Se trata de un esfuerzo que cada quien tiene que realizar, totalmente solo. El mismo debe vencer todos los obstáculos internos y externos, sin importarle el escarnio y las burlas de los que consideran la materia como la última realidad. Realidad que para ellos es, de hecho, la última, ya que se excluyen por sí mismos de reconocimientos más elevados al confiar integralmente apenas en su propio raciocinio, el cual no los puede asimilar absolutamente, porque le son totalmente extraños. Y como no puede asimilarlos, comprenderlos, este raciocinio los condena como imposibles… Apenas la intuición, la voz del espíritu, puede reconocer inmediatamente una verdad cuando se enfrenta a ella, sin necesidad para tal, de pruebas y contrapruebas materialmente visibles y palpables.

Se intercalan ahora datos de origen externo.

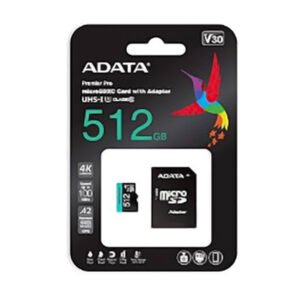 A-DATA 512 GB microSD V30 MEMORIA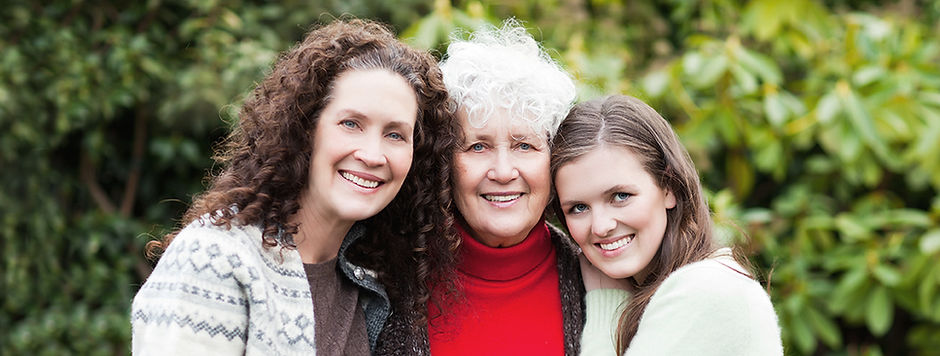 Three generations of women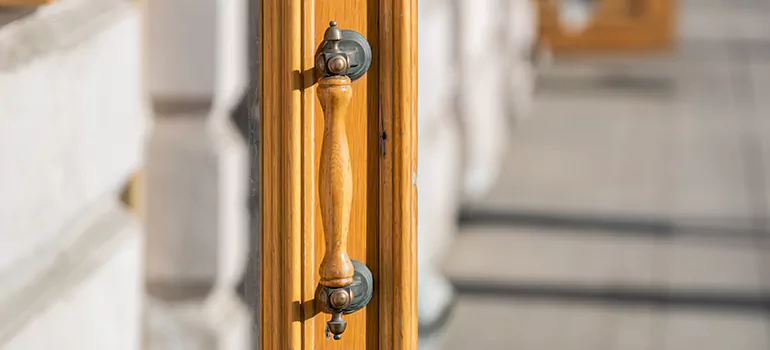 Wooden Pull Bar Installation in Hayward, CA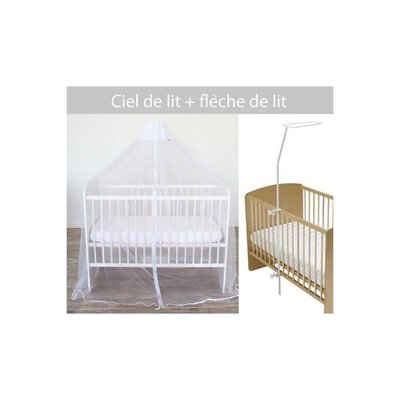 Ciel de lit moustiquaire + flèche de lit DOMIVA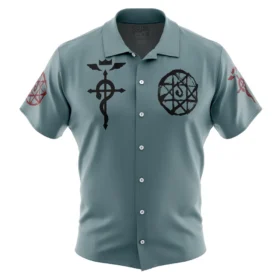 Chemise hawaïenne Alphonse V2 Fullmetal Alchemist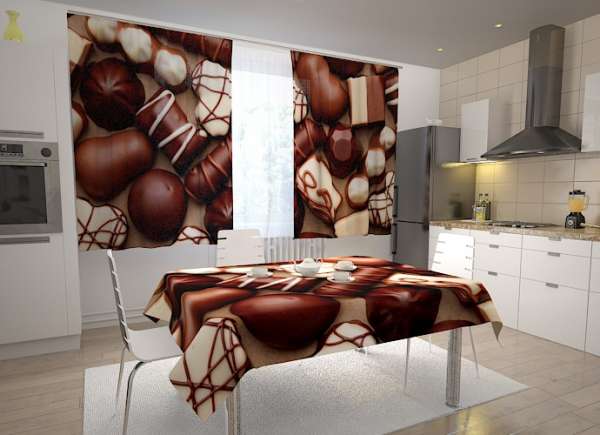 Kitchen curtain: SWEET CHOCOLATES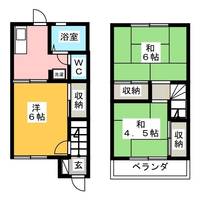 千葉県野田市上花輪新町(一戸建)の賃貸物件の間取り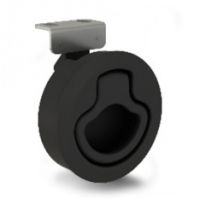 Loquet affleurant noir verrou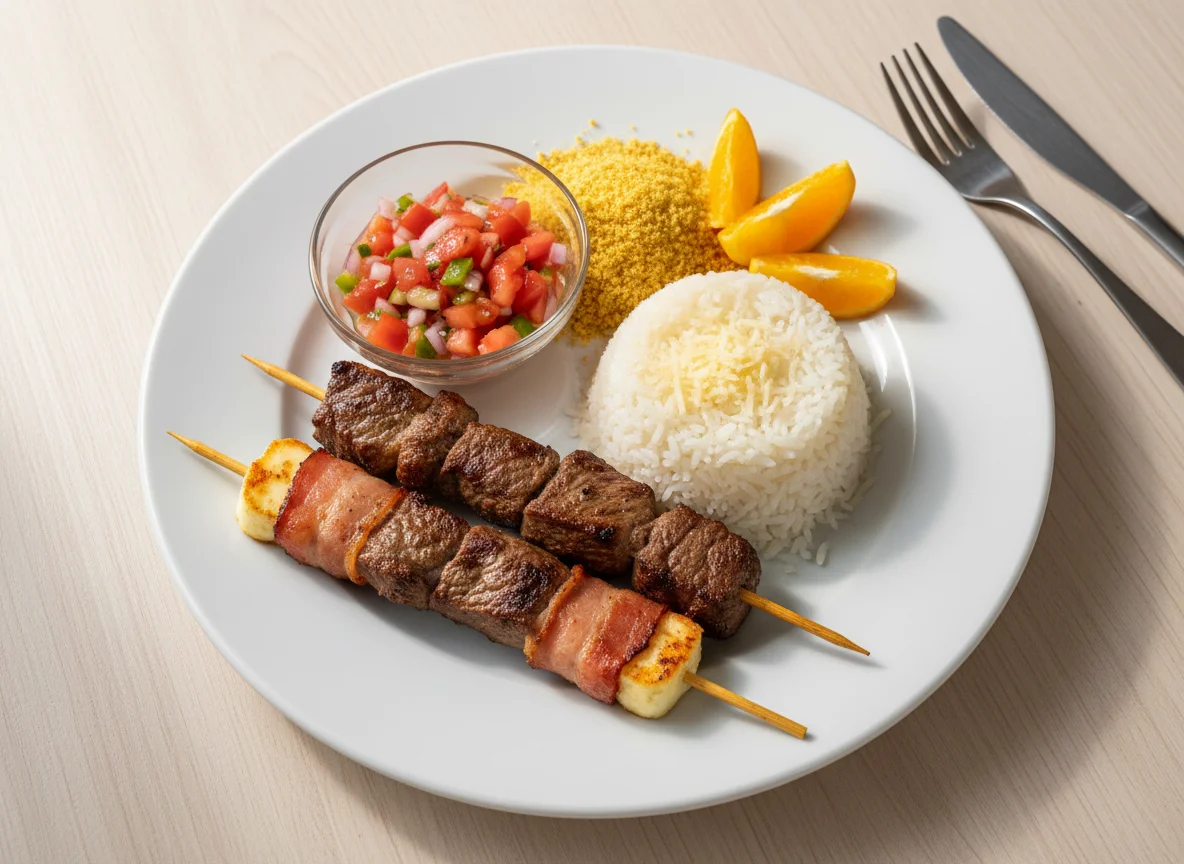 Churrasco com acompanhamentos photo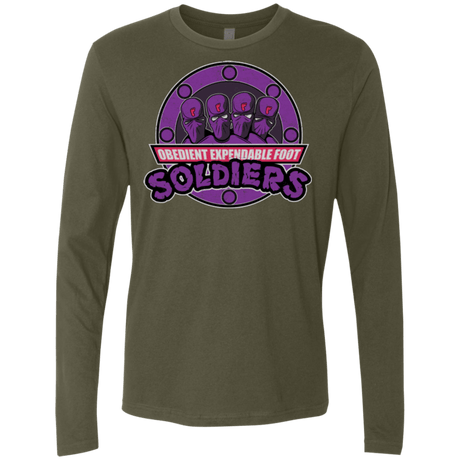 T-Shirts Military Green / Small OBEDIENT EXPENDABLE FOOT SOLDIERS Men's Premium Long Sleeve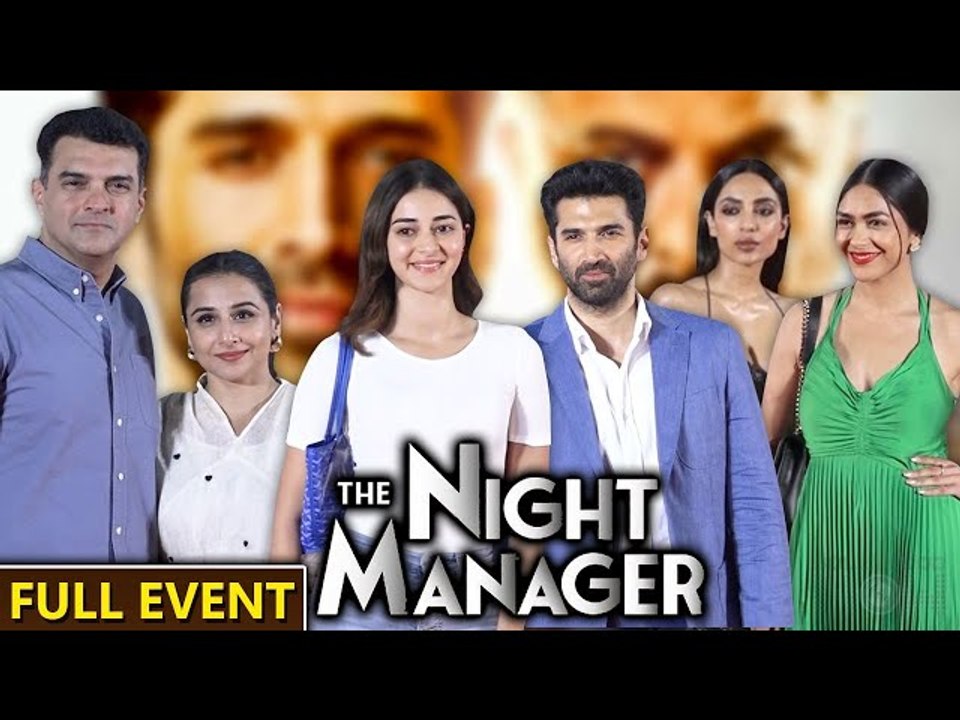 The Night Manager Screening Full Event Aditya Roy Kapur, Ananya Panday, Anil Kapil, Vidya Balan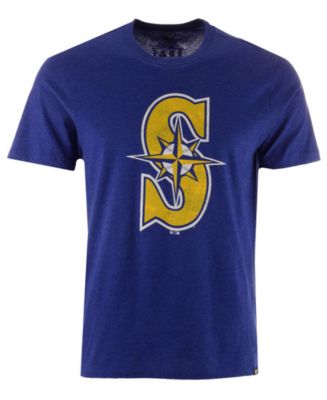 '47 Brand Men's Seattle Mariners Club Logo T-Shirt - Macy's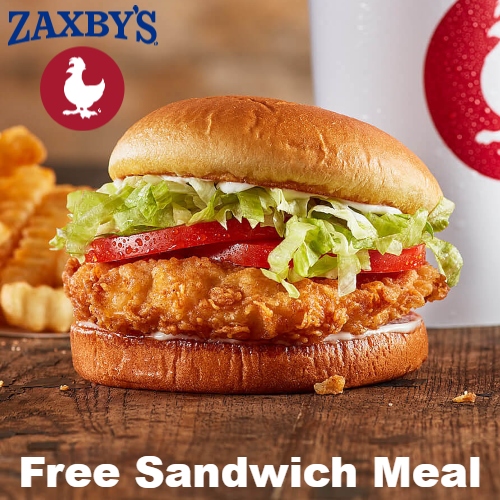Zaxby’s Free Sandwich Meal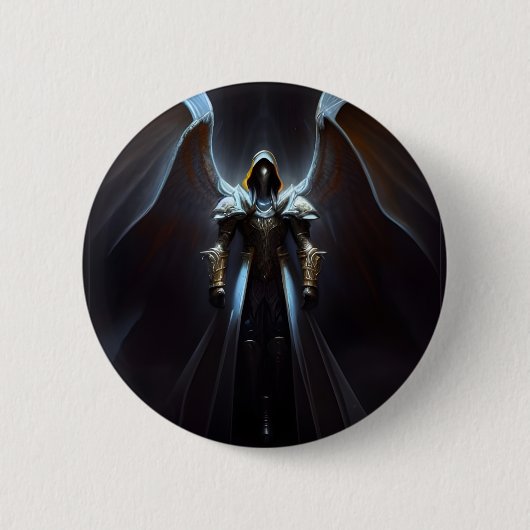 Badge Rond 5 Cm L'ange arc Uriel (Devant)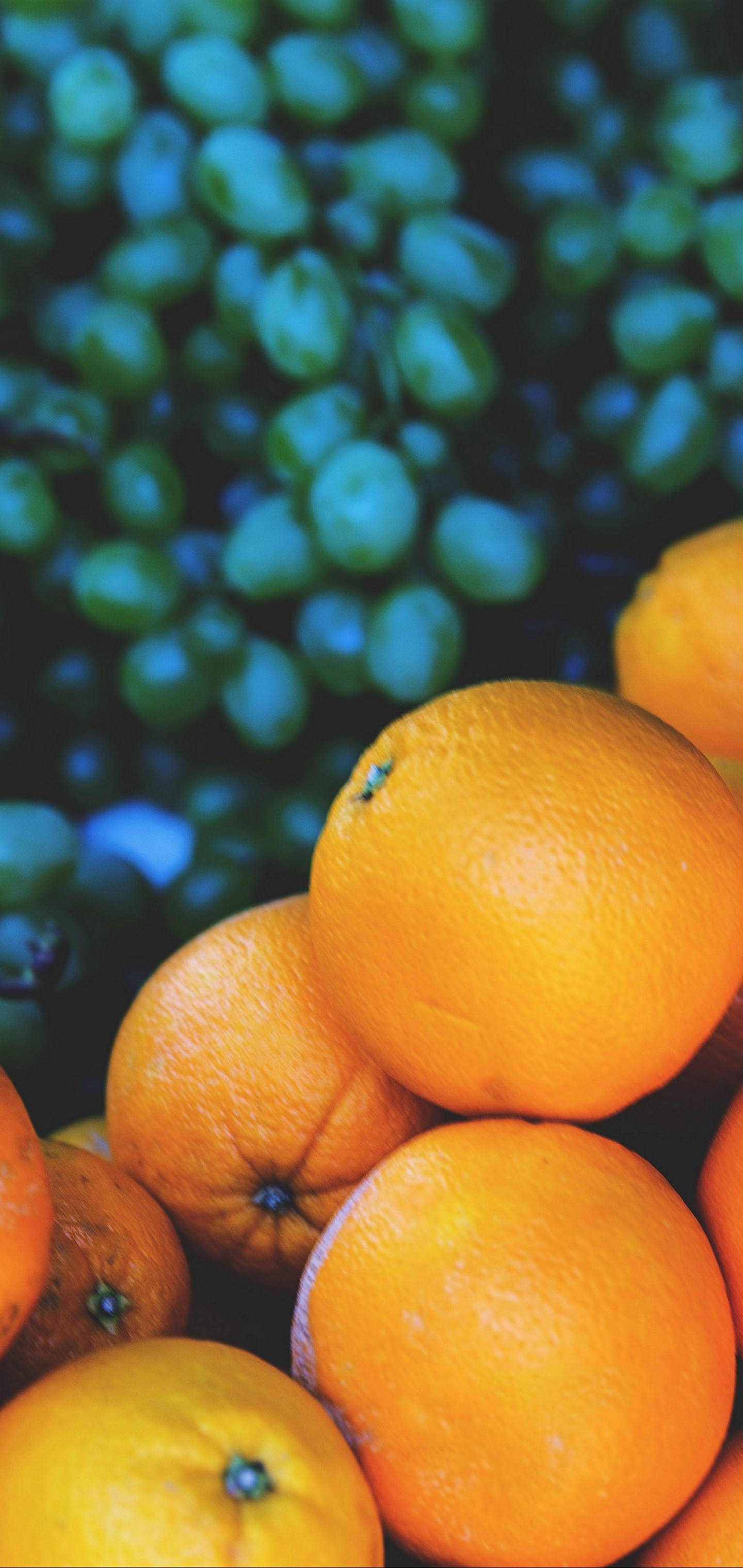 S10 Oranges And Grapes Background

A pesar de saber que las mismas sonrisas parvas mencionados al inicio de este artículo estarán de vuelta ahora inevitablemente, quiero decir simplemente que fueron huevos los que surgieron primero en nuestro planeta, hace muchos millones de años. En los primordios, cuando la Tierra todavía era un inmenso campo de cultivo, preparada y fertilizada por los incansables siervos enteales del Creador, los seres de la Naturaleza, llegaron hasta aquí – en el tiempo determinado para eso – semillas primordiales de vida vegetal y animal. Las semillas de animales eran abrigadas en una especie de cápsulas, que podrían ser denominadas huevos primordiales.

La actual reproducción de las especies aquí, en la Tierra, que se presenta hoy bajo la forma de los óvulos y huevos que conocemos, son efecto directo da aquella primera siembra de vida en nuestro planeta, base para el advenimiento de las Pascuas futuras.